Thanks for looking into this, apologies it took me so long to notice there is a review on me.

I don't think this is a reliable fix. It appears that it will only work if SimplifyInstruction is capable of simplifying-away all the "false" data dependencies between memory operations Vectorizer::isConsecutiveAccess is able to prove consecutive.
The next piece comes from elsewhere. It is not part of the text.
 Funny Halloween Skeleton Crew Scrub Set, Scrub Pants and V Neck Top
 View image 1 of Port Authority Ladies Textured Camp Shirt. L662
I don't think there is anything (or should be) that guarantees such parity.

To illustrate the problem, let me start with a minimized version of the test you're adding in this patch, for which the SimplifyInstruction-based fix does work:

target triple = "aarch64"

; Function Attrs: noinline nounwind
define i32 @test([2 x i32]* %array) #0 {
entry:
  %arrayidx = getelementptr inbounds [2 x i32], [2 x i32]* %array, i32 0, i32 1
  %t = load i32, i32* %arrayidx, align 4
  %rem = urem i32 %t, 1
  %arrayidx2 = getelementptr inbounds [2 x i32], [2 x i32]* %array, i32 %rem, i32 0
  %v = load i32, i32* %arrayidx2, align 4
  %r = add i32 %v, %t
  ret i32 %r
}

attributes #0 = { noinline nounwind }

The false dependency is created by %rem = urem i32 %t, 1 and it's trivial enough for SimplifyInstruction to constant fold, eliminating the dependency.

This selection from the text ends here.